Exercise description =>
Copy down all of the data underneath, exactly as shown.

[Short web captions]
↓↓↓
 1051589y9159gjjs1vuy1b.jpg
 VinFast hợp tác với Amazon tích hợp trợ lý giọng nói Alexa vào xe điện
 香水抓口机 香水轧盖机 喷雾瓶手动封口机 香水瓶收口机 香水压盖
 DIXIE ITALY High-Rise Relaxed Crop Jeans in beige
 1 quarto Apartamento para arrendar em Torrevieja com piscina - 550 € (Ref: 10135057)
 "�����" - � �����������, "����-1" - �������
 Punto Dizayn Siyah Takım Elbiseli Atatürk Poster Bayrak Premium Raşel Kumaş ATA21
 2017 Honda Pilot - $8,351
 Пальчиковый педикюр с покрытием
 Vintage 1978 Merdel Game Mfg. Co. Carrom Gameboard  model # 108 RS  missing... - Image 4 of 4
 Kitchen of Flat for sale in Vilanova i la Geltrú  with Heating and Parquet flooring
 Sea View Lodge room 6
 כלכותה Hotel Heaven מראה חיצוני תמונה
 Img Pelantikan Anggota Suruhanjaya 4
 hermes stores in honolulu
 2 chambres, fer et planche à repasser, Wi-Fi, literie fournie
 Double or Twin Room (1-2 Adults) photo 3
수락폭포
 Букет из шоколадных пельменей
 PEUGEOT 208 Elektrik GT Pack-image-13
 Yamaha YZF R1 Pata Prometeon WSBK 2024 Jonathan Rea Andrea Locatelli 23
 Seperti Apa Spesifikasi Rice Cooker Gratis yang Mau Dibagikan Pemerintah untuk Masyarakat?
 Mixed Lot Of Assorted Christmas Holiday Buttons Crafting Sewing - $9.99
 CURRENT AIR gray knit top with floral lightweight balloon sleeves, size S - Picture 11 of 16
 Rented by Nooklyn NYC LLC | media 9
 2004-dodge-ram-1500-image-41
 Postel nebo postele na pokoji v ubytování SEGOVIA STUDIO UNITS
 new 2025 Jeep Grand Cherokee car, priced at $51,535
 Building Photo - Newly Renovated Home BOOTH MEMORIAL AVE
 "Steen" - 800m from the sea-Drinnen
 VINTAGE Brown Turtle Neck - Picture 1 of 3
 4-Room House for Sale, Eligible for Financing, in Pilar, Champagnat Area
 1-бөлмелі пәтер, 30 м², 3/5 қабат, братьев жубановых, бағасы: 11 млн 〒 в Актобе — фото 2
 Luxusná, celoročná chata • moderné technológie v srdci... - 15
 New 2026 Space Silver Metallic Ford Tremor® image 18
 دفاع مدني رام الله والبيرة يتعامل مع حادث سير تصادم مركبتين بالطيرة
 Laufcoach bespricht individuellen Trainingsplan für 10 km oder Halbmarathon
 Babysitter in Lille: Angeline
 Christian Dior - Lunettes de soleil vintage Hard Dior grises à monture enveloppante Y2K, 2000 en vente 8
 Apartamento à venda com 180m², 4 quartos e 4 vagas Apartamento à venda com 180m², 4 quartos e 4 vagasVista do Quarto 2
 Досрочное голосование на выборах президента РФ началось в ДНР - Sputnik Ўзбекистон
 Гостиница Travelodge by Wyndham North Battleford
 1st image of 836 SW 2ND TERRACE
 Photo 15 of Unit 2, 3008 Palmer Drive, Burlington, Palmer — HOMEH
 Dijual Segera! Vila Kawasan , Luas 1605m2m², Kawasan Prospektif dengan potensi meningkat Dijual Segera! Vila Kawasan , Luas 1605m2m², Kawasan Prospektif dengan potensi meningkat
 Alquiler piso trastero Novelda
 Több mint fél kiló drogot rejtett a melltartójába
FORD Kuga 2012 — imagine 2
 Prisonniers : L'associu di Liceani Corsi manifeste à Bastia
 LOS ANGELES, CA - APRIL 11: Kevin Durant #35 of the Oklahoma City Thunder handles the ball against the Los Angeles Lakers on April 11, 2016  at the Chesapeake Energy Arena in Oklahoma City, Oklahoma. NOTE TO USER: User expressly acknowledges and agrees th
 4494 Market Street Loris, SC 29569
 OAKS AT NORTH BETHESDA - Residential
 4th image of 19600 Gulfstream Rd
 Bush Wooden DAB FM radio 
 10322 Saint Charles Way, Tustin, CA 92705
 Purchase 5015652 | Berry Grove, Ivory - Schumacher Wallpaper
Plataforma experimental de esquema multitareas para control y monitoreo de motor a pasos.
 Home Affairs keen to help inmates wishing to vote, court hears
↑↑↑
Expected output =>
 1051589y9159gjjs1vuy1b.jpg
 VinFast hợp tác với Amazon tích hợp trợ lý giọng nói Alexa vào xe điện
 香水抓口机 香水轧盖机 喷雾瓶手动封口机 香水瓶收口机 香水压盖
 DIXIE ITALY High-Rise Relaxed Crop Jeans in beige
 1 quarto Apartamento para arrendar em Torrevieja com piscina - 550 € (Ref: 10135057)
 "�����" - � �����������, "����-1" - �������
 Punto Dizayn Siyah Takım Elbiseli Atatürk Poster Bayrak Premium Raşel Kumaş ATA21
 2017 Honda Pilot - $8,351
 Пальчиковый педикюр с покрытием
 Vintage 1978 Merdel Game Mfg. Co. Carrom Gameboard  model # 108 RS  missing... - Image 4 of 4
 Kitchen of Flat for sale in Vilanova i la Geltrú  with Heating and Parquet flooring
 Sea View Lodge room 6
 כלכותה Hotel Heaven מראה חיצוני תמונה
 Img Pelantikan Anggota Suruhanjaya 4
 hermes stores in honolulu
 2 chambres, fer et planche à repasser, Wi-Fi, literie fournie
 Double or Twin Room (1-2 Adults) photo 3
수락폭포
 Букет из шоколадных пельменей
 PEUGEOT 208 Elektrik GT Pack-image-13
 Yamaha YZF R1 Pata Prometeon WSBK 2024 Jonathan Rea Andrea Locatelli 23
 Seperti Apa Spesifikasi Rice Cooker Gratis yang Mau Dibagikan Pemerintah untuk Masyarakat?
 Mixed Lot Of Assorted Christmas Holiday Buttons Crafting Sewing - $9.99
 CURRENT AIR gray knit top with floral lightweight balloon sleeves, size S - Picture 11 of 16
 Rented by Nooklyn NYC LLC | media 9
 2004-dodge-ram-1500-image-41
 Postel nebo postele na pokoji v ubytování SEGOVIA STUDIO UNITS
 new 2025 Jeep Grand Cherokee car, priced at $51,535
 Building Photo - Newly Renovated Home BOOTH MEMORIAL AVE
 "Steen" - 800m from the sea-Drinnen
 VINTAGE Brown Turtle Neck - Picture 1 of 3
 4-Room House for Sale, Eligible for Financing, in Pilar, Champagnat Area
 1-бөлмелі пәтер, 30 м², 3/5 қабат, братьев жубановых, бағасы: 11 млн 〒 в Актобе — фото 2
 Luxusná, celoročná chata • moderné technológie v srdci... - 15
 New 2026 Space Silver Metallic Ford Tremor® image 18
 دفاع مدني رام الله والبيرة يتعامل مع حادث سير تصادم مركبتين بالطيرة
 Laufcoach bespricht individuellen Trainingsplan für 10 km oder Halbmarathon
 Babysitter in Lille: Angeline
 Christian Dior - Lunettes de soleil vintage Hard Dior grises à monture enveloppante Y2K, 2000 en vente 8
 Apartamento à venda com 180m², 4 quartos e 4 vagas Apartamento à venda com 180m², 4 quartos e 4 vagasVista do Quarto 2
 Досрочное голосование на выборах президента РФ началось в ДНР - Sputnik Ўзбекистон
 Гостиница Travelodge by Wyndham North Battleford
 1st image of 836 SW 2ND TERRACE
 Photo 15 of Unit 2, 3008 Palmer Drive, Burlington, Palmer — HOMEH
 Dijual Segera! Vila Kawasan , Luas 1605m2m², Kawasan Prospektif dengan potensi meningkat Dijual Segera! Vila Kawasan , Luas 1605m2m², Kawasan Prospektif dengan potensi meningkat
 Alquiler piso trastero Novelda
 Több mint fél kiló drogot rejtett a melltartójába
FORD Kuga 2012 — imagine 2
 Prisonniers : L'associu di Liceani Corsi manifeste à Bastia
 LOS ANGELES, CA - APRIL 11: Kevin Durant #35 of the Oklahoma City Thunder handles the ball against the Los Angeles Lakers on April 11, 2016  at the Chesapeake Energy Arena in Oklahoma City, Oklahoma. NOTE TO USER: User expressly acknowledges and agrees th
 4494 Market Street Loris, SC 29569
 OAKS AT NORTH BETHESDA - Residential
 4th image of 19600 Gulfstream Rd
 Bush Wooden DAB FM radio 
 10322 Saint Charles Way, Tustin, CA 92705
 Purchase 5015652 | Berry Grove, Ivory - Schumacher Wallpaper
Plataforma experimental de esquema multitareas para control y monitoreo de motor a pasos.
 Home Affairs keen to help inmates wishing to vote, court hears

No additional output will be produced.